前回は、変分オートエンコーダ(以下、VAE)の簡単な紹介とそれを理解する意義について解説しました。今回は、VAEが解決しようとしているそもそもの問題について解説します。

VAEの論文は次の大きな疑問を投げかけるところから始まります。

扱いにくい事後分布を持つ連続潜在変数と大規模なデータセットが存在する場合、有向確率モデル効率的な推論と学習をどのように実行できるでしょうか?

(以下原文)
How can we perform efficient inference and learning in directed probabilistic models, in the presence of continuous latent variables with intractable posterior distributions, and large datasets?

Auto-Encoding Variational Bayes

この論文はこの大きな疑問に対する解決策を提供するのですが、問題自体を理解するのに、太字で示した言葉を知っている必要があります。それぞれの言葉の意味はこのシリーズの中で解説していきます。

大まかな意味としては、「十分なデータセットがあるとして、確率の関係を利用したモデルを効率よく訓練するにはどうすれば良いのか」という疑問です。

そのデータセットとは、例えば、MNISTのように手書きの数字データを大量に集めたものなどを想定しています。

MNISTからの手書き数字画像

MNISTは、PyTorchのTorchvisionなどを使えば、簡単に使うことができます。なので、データセットの入手に関しては問題はありません。よって、「大規模なデータセットが存在する場合」という条件がついています。

問題なのは、そのようなデータから学習することで、同じようなデータを生成することができるのか、ということです。つまり、データからある種のパターンを見つけることができれば、同じようなデータ(この場合、手書き数字の画像)を生成する役に立つというわけです。それを効率的に行いたいので、「効率的な推論と学習」をどのように実行できるのかと、疑問を呈しています。

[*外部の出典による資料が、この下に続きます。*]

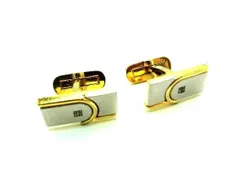 【美品・希少】GIVENCHY ジバンシー カフスボタン 4Gロゴ シルバー GIVENCHY - ジバンシー GIVENCHY ロゴマーク カフス
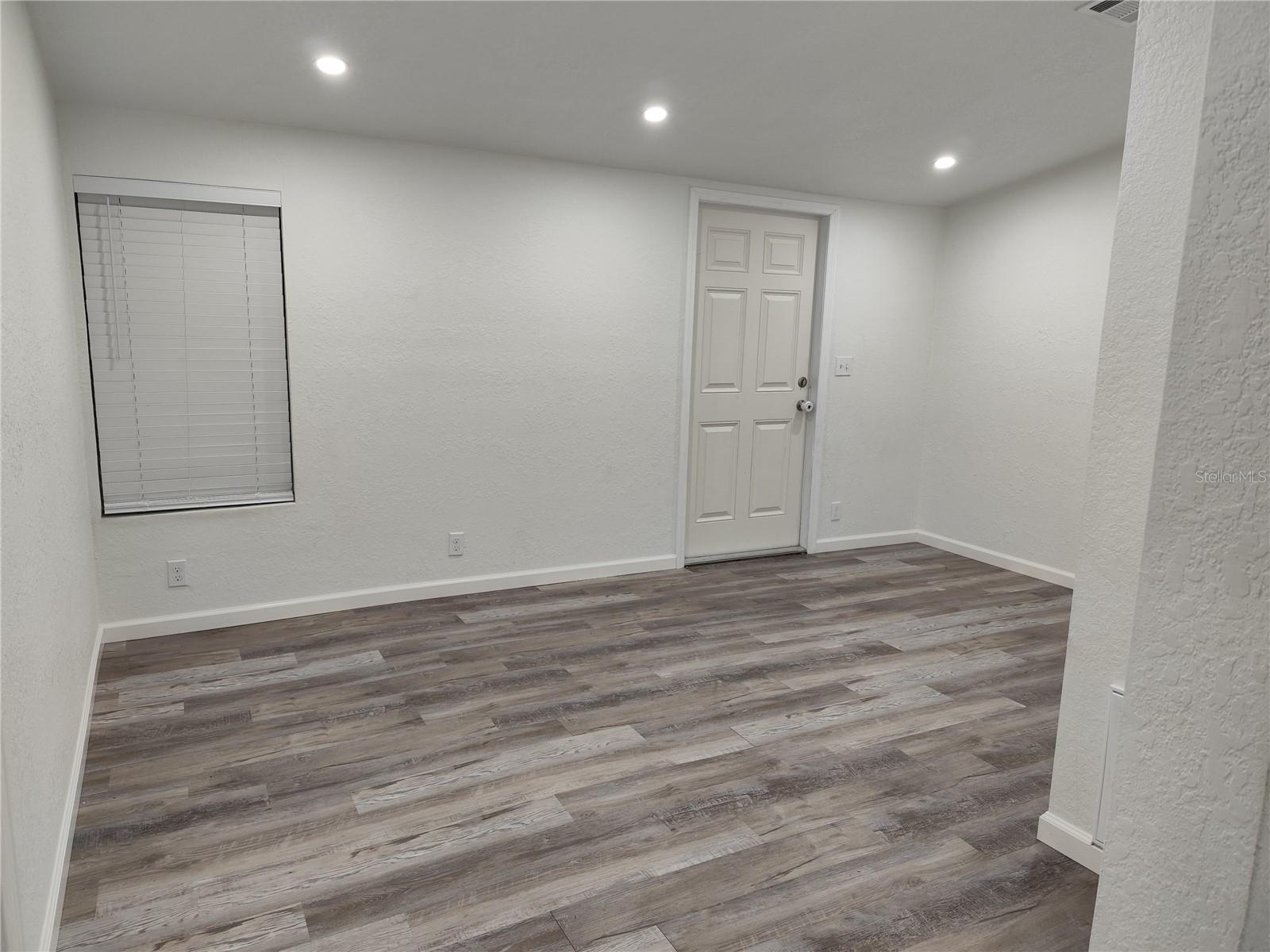 Image 26 of 36 For 9801 Oaks Street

また、「有向確率モデル」(Directed Probabilistic Models)と言っているのは、モデルが入力データから学習し、新しいデータを生成するまでを、一方通行(有向)の確率モデルとして定義することを指しています。これについては今後の記事で解説していきます。

有効確率モデル

この有効な確率モデルを仮定した場合、次のような一連の処理を想定しています。まず、入力データから得た情報から、新しいデータを生成するためのパラメータに関する情報を出力します。このパラメータはデータに秘められており、また連続値をとるので「連続潜在変数」(Continuous Latent Variables)と呼ばれます。そして、そのパラメータの情報を使うことで新しいデータを生成することが可能となります。

なお、入力データから得たパラメータの値自体が一意に決まるのではなく、平均と分散を持ちます。つまり、パラメータ自体に確率分布があると想定しています。その確率分布は、入力データ(MNISTの場合は、入力画像)によって変わってきます。よって、入力データからパラメータの分布、そしてパラメータの分布から生成されるデータの分布が決まってくるので有効確率モデルになります。

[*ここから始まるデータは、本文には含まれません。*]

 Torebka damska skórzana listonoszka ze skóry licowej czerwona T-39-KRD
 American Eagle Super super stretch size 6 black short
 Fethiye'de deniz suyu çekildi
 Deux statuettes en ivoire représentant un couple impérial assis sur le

論文では、次のような図を使って有効確率モデルを表現しています。これについても後々に解説していきます。

論文の図1

前述したように、入力データの特徴によって、新しいデータの生成をするのに必要なパラメータの値が異なってきます。よって、入力データを受け取った後(事後)のパラメータの分布という意味で、ある入力データから予測されたパラメータの分布を事後分布と呼びます。

ただし、データを生成するためのパラメータの事後分布は簡単には予測できません。また、入力画像によってパラメータの分布が変わってくるので入力データとパラメータの分布には複雑な関係あると想定されます。そのため、「扱いにくい事後分布を持つ連続潜在変数」という表現をしています。

もう一度、VAEの論文が問いかける大きな疑問の意訳をここに引用します。

扱いにくい事後分布を持つ連続潜在変数と大規模なデータセットが存在する場合、有向確率モデル効率的な推論と学習をどのように実行できるでしょうか?

Auto-Encoding Variational Bayes

なんとなく雰囲気は伝わりましたでしょうか。はじめてこの疑問に触れた方には、ここまで読んでも意味がわからないかもしれません。今後の記事では、これらの言葉の詳細を解説していきます。そして、最終的にはPyTorchによる簡単なVAEの実装を行います。

お楽しみに!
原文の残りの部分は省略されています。